# Mackey Glass Benchmark Tutorial

This tutorial aims to provide an insight on how the NeuroBench framework is organized and how you can use it to benchmark your own models!

## About Mackey Glass:
The Mackey Glass task is a chaotic function prediction task. Contrary to the other tasks in NeuroBench, the Mackey Glass dataset is synthetic. Real-world data can be high-dimensional and require large networks to achieve high accuracy, presenting challenges for solution types with limited I/O support and network capacity, such as mixed-signal prototype solutions. 
### Dataset:
The Mackey Glass dataset is a one-dimensional non-linear time delay differential equation, where the evolution of the signal can be altered by a number of different parameters. 
<!-- $$ dx \over dt = \beta {x(t-\tau)} \over {1 + x(t-\tau)^n} - \gamma x(t)
$$ -->
$$ \frac{dx}{dt} = \frac{\beta x(t-\tau)}{1 + x(t-\tau)^n} - \gamma x(t) $$

For the NeuroBench task, fourteen time series are generated from the Mackey Glass function, available at this link: https://huggingface.co/datasets/NeuroBench/mackey_glass. The time series vary by the $\tau$ parameter from 17 to 30.

### Benchmark Task:
The task is a sequence-to-sequence prediction problem, similar to the non-human primate motor prediction task, which is also included in NeuroBench. The task involves predicting the next timestep value $f(t+\Delta t)$, from the current value $f(t)$. Models are trained on the first half of the time series, during which the ground truth state $f(t)$ is provided to the model to make its prediction $f'(t+\Delta t)$. During evaluation on the second half of the sequence, the model uses its prior prediction $f'(t)$ in order to generate each next value $f'(t+\Delta t)$, autoregressively generating the second half of the time series.

Symmetric mean absolute percentage error, sMAPE, is used to evaluate the correctness of the model's prediction. The length of the time series is dependent on Lyapunov time, which is listed with the dataset. 
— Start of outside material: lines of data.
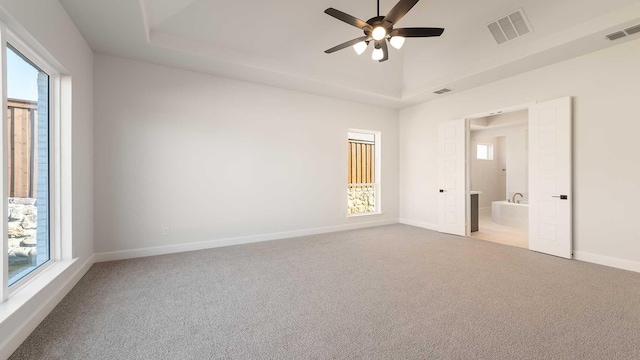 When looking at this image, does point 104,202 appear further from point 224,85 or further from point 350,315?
point 350,315

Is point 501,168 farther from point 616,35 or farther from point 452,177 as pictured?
point 616,35

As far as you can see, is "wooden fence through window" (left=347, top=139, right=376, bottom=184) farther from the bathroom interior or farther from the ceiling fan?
the ceiling fan

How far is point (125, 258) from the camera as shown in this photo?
3.77 m

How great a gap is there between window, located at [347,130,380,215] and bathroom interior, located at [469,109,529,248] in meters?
2.54

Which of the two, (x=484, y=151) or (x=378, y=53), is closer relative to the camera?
(x=378, y=53)

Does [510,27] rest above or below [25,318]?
above

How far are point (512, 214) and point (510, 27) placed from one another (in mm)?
4606

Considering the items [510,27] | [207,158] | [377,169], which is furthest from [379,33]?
[377,169]

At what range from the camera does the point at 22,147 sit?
2.33 metres

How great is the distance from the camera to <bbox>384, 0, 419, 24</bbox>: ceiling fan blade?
245 centimetres

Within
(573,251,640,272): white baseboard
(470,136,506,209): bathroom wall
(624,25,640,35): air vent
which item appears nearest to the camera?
(624,25,640,35): air vent

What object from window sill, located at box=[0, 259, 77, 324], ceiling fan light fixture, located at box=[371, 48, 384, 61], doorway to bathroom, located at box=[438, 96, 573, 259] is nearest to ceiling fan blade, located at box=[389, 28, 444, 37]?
ceiling fan light fixture, located at box=[371, 48, 384, 61]

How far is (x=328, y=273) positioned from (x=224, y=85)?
3.40 meters

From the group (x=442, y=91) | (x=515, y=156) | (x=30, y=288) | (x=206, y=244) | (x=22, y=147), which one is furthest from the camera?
(x=515, y=156) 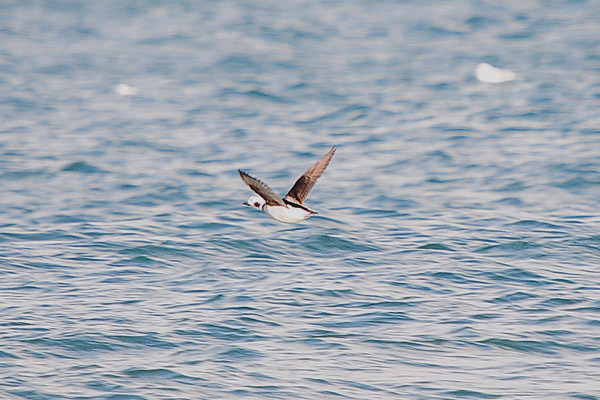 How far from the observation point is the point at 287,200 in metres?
10.6

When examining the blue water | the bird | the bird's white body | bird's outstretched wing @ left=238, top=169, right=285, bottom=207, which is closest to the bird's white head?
the bird

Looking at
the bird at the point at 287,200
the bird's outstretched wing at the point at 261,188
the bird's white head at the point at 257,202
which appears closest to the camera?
the bird's outstretched wing at the point at 261,188

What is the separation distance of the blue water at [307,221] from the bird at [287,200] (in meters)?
1.41

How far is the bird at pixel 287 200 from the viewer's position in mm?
9562

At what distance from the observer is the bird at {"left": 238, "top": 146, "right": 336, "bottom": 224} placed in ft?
31.4

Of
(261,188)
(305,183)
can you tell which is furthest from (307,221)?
(261,188)

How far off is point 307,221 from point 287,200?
4.62 metres

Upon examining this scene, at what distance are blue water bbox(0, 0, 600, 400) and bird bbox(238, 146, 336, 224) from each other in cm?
141

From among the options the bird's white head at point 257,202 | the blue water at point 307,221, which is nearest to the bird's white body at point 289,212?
the bird's white head at point 257,202

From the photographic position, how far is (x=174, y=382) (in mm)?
9766

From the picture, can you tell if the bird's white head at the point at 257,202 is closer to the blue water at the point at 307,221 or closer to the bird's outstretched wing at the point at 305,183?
the bird's outstretched wing at the point at 305,183

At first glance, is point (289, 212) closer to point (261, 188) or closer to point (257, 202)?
point (257, 202)

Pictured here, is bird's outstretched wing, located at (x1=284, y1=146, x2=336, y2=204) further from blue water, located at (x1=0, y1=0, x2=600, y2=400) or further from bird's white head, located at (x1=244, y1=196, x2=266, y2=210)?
blue water, located at (x1=0, y1=0, x2=600, y2=400)

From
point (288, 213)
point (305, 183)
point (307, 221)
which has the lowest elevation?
point (307, 221) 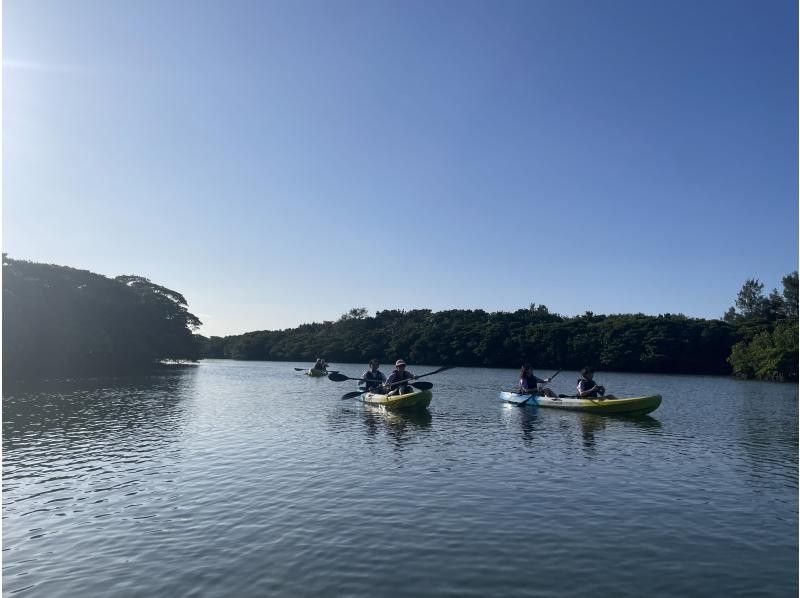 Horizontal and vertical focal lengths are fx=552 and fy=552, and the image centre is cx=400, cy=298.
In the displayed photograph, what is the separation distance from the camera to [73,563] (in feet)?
27.2

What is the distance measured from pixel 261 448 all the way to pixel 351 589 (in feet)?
34.5

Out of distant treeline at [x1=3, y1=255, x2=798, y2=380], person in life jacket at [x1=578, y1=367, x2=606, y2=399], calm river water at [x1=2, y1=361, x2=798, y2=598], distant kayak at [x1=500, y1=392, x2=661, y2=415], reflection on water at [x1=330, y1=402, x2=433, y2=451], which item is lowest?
calm river water at [x1=2, y1=361, x2=798, y2=598]

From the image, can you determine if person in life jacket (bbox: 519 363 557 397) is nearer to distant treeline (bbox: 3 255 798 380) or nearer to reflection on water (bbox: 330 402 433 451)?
reflection on water (bbox: 330 402 433 451)

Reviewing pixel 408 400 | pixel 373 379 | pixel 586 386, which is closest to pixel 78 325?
pixel 373 379

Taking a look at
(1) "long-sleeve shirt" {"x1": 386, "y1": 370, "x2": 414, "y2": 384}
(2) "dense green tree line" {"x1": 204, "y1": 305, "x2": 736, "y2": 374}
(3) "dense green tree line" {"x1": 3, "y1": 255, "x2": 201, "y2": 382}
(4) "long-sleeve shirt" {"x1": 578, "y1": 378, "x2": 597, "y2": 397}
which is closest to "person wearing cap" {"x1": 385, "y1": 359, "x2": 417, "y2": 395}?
(1) "long-sleeve shirt" {"x1": 386, "y1": 370, "x2": 414, "y2": 384}

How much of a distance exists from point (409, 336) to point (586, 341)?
36.5 m

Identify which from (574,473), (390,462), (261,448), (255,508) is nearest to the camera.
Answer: (255,508)

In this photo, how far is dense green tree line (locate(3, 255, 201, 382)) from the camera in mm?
52719

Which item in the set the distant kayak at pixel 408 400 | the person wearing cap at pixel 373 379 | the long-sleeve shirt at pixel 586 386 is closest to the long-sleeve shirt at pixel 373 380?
the person wearing cap at pixel 373 379

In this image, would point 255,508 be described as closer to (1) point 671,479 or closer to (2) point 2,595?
(2) point 2,595

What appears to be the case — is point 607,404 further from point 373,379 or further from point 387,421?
point 373,379

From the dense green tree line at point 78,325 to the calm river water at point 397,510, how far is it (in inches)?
1449

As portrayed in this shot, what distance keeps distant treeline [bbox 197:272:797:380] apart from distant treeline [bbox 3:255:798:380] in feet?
0.63

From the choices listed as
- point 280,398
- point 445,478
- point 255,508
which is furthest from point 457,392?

First we will import the relevant libraries. These include the dataset, model wrapper, and benchmark object.

In [None]:
import torch

from torch.utils.data import Subset, DataLoader

import pandas as pd

from neurobench.datasets import MackeyGlass
from neurobench.models import TorchModel
from neurobench.benchmarks import Benchmark

For this tutorial, we will make use an Echo State Network (ESN) model architecture.

In [None]:
# this is the network we will be using in this tutorial
from examples.mackey_glass.echo_state_network import EchoStateNetwork

Next, we load the hyperparameters of the ESN that were found using a random grid search.

In [None]:
esn_parameters = pd.read_csv("./model_data/echo_state_network_hyperparameters.csv")

The Mackey Glass task contains 14 series with varying complexity. For simplicity, in this tutorial we only present with the first series, `tau=17`. The dataset is downloaded if it is not already available.

In [None]:
tau = 17
# data in repo root dir
file_path = "../../../data/mackey_glass/mg_17.npy"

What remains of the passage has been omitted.